Start of INPUT RECORDS

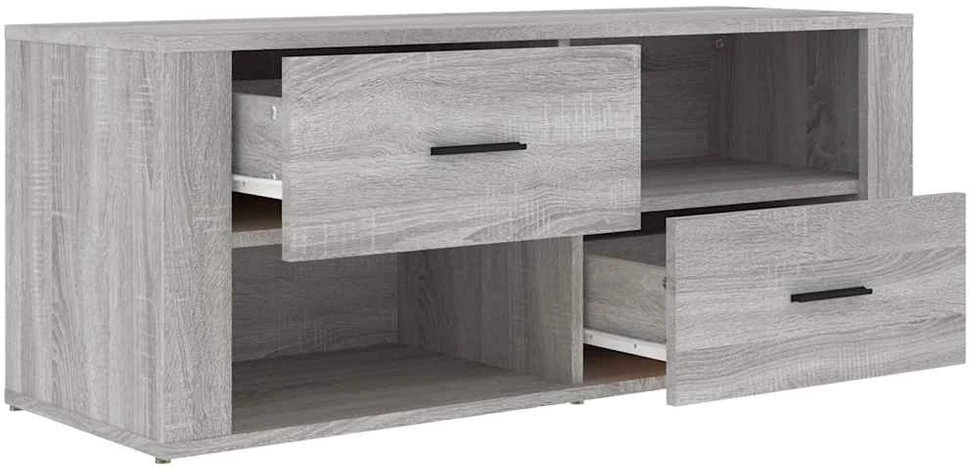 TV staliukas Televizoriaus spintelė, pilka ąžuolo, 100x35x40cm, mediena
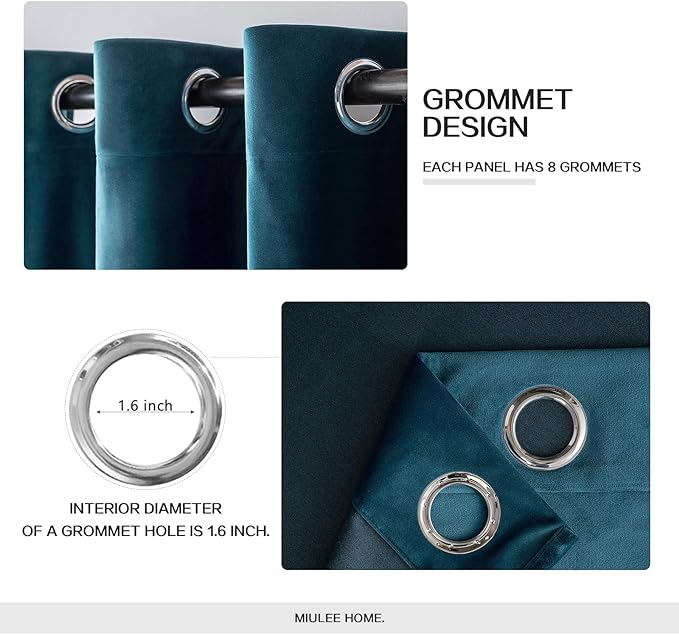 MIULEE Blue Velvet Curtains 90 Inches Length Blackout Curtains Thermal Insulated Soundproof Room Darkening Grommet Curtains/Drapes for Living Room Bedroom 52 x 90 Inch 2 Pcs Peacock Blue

End of INPUT RECORDS
Start of INPUT RECORDS

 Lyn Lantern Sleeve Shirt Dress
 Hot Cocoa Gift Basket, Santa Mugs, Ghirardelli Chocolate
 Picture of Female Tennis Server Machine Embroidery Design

End of INPUT RECORDS

→ **TASK DIRECTIONS**: Line for line, output the entries above from the line with "TV staliukas Televizoriaus" to the line with "MIULEE Blue Velvet", both included, and nothing more. Skip pictures.

→ **EXERCISE RESPONSE**:
 TV staliukas Televizoriaus spintelė, pilka ąžuolo, 100x35x40cm, mediena
 MIULEE Blue Velvet Curtains 90 Inches Length Blackout Curtains Thermal Insulated Soundproof Room Darkening Grommet Curtains/Drapes for Living Room Bedroom 52 x 90 Inch 2 Pcs Peacock Blue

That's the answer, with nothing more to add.